The grant includes $700,000 for the Newnan Housing Authority. That money will help NHA clients in the Self-Sufficiency Program move toward home ownership. NHA would rehabilitate houses and lease them to clients who could eventually purchase them.
There also is $127,000 in the grant for the city to administer the program. "Instead of the city acting as the banker, Habitat's acting as the banker," City Attorney Brad Sears told the council at its Monday night meeting at city hall.
Bob Peebles and Leslie Merriman of Newnan-Coweta Habitat and Sandra Strozier, NHA executive director, attended the meeting. Merriman made an impassioned request for the city to move forward with the program for at least the initial four-year grant period.
She spoke of "this tremendous opportunity" and said, "I plead with the council to embrace it." Merriman urged the council not to let the opportunity to help families purchase homes of their own disappear because of issues related to administering the grant.
"We have worked too hard and too long to make this happen," she said.
Habitat is prepared to get busy -- buying, repairing and refurbishing houses. The group has 17 families who have already been through the organization's application process and who are ready to buy a home.
Habitat does not charge interest and would not make money on the program.
Private companies can participate in the NSP program and can get paid 10 percent of the purchase price when a house closes. Habitat is its own banker and will not get the 10 percent fee.
Merriman said the local Habitat affiliate is looking at foreclosed homes that are 10 years old or newer. The NSP program is causing Habitat affiliates to shift their thinking. The ministry has been building houses and selling them -- at market value but without interest -- since 1976.
In the current economy, Habitat can buy and rehab a home cheaper -- and faster -- than one can be built.
The NSP funds provide a huge opportunity "to show a tangible benefit," Merriman said, potentially moving 15-20 families into a home within a year.
Questions were raised about how Habitat deals with people who get behind on payment. Peebles, who works as a lender, oversees the payment process for the local affiliate. He personally visits homeowners who are behind on their payments.
Sometimes the owner can pay an extra $100 to get the loan current. In other cases, the payment schedule may be reworked. Peebles said the local affiliate has a very low rate of problem loans.
Sears outlined long-term issues related to the NSP program -- particularly that the city could incur expenses related to a "20-, 25-, 30-year period of administering the grant."
Sears said in some ways it is "a misnomer to call it a grant." Generally, grant funds are expended and an accounting is made. Then the grantee's responsibility ends.
Because NSP creates a revolving fund, which would be used to buy more homes, several years could pass before the grant funds -- and funds coming in from that grant -- are fully expended.

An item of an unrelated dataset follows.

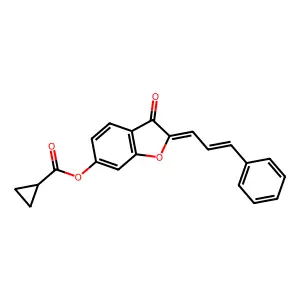 (Z)-3-oxo-2-((E)-3-phenylallylidene)-2,3-dihydrobenzofuran-6-yl cyclopropanecarboxylate structure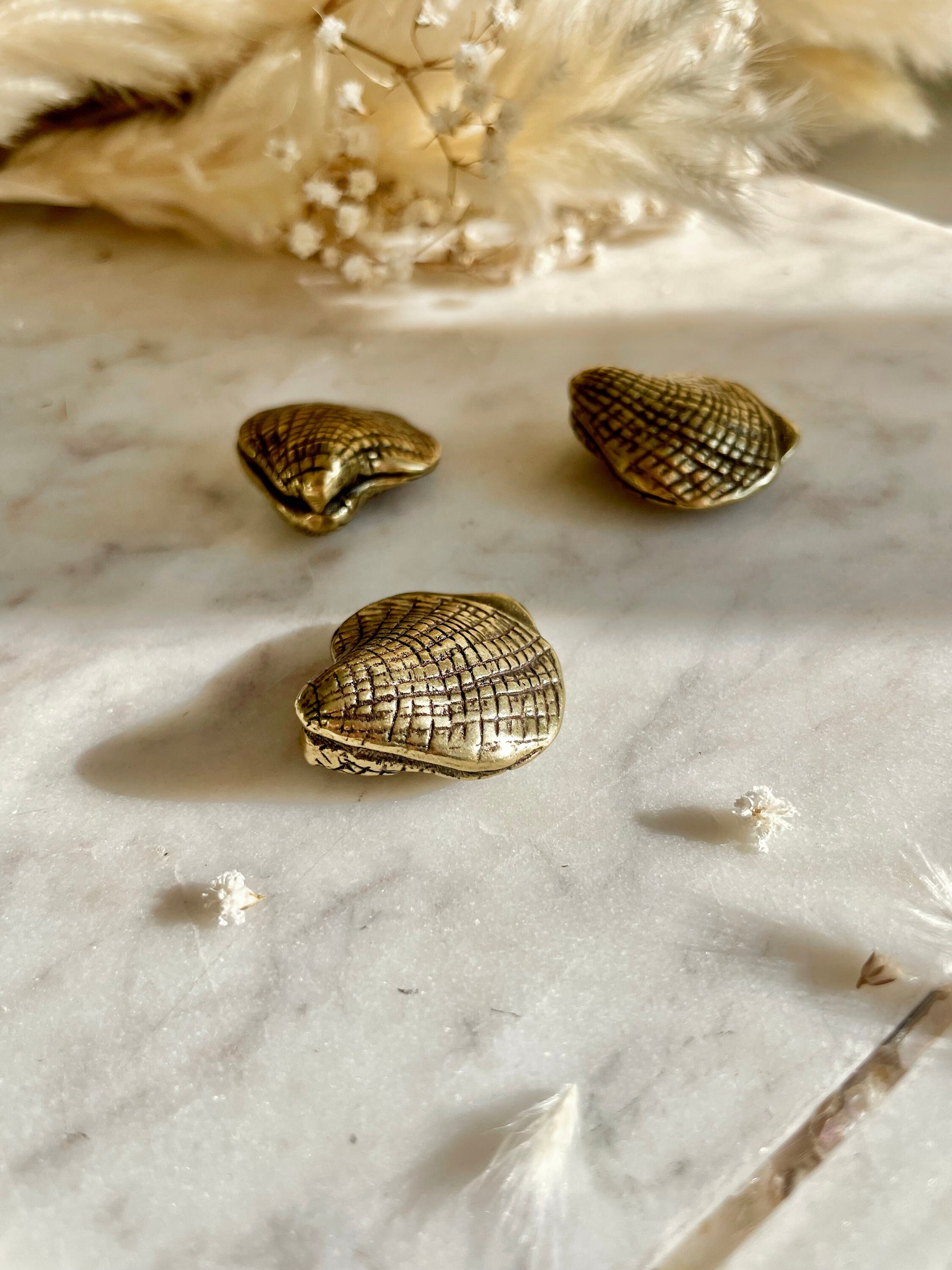 Little seaside souvenir, solid brass seashell figurine, ocean art scallop miniature, sea-themed decoration, a reminder of summer and beach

Sears said 14 homes could generate $7,800 per month in house payments. That money would be reinvested in more homes as long as it lasts. "You've got to keep recirculating that money and stay in that business," Sears said.
One option for the city would be to let Habitat handle the program for the initial four years and then to turn the program -- payments as well as administration -- back to the Georgia Department of Community Affairs. DCA administers the federal NSP program in Georgia.
Mayor Keith Brady noted that as long as the city -- or Habitat in a contract with the city -- operates the program, money generated from monthly payments "remains wholly in our community." If the program is turned back to DCA, the money will go into state coffers.
While turning the program back to the state after four years "is not our preference," Merriman said, that option is one that is "highly acceptable" to Habitat.
Merriman said if the program is returned to DCA, future earnings would go to the state. The city and Habitat could seek grant funds from DCA for similar projects, but "we're competing with everyone in the state," she said.
Councilman Clayton Hicks expressed concerns about making "a 20-year commitment" to the program. "I don't know that that's fair to a future council," he said.
Some facets of NSP have changed while the city and Habitat have been working with state officials with regard to the program. Initially, banks had to be willing to sell homes for at least 15 percent less than their value, but that figure has now changed to 1 percent.
Councilman Rhodes Shell said he was reluctant to look at more than a four-year commitment "until we know how it works."
Councilwoman Cynthia Jenkins suggested the city look at its redevelopment authority as an option for handling the program. Brady recommended the council discuss NSP again at the next council meeting -- with an eye toward the need "to move forward as quickly as possible."
"I would like to see where this conversation goes," Jenkins said.
"We all understand the importance of moving forward as quickly as possible, but we also need to make the right decision," Brady said.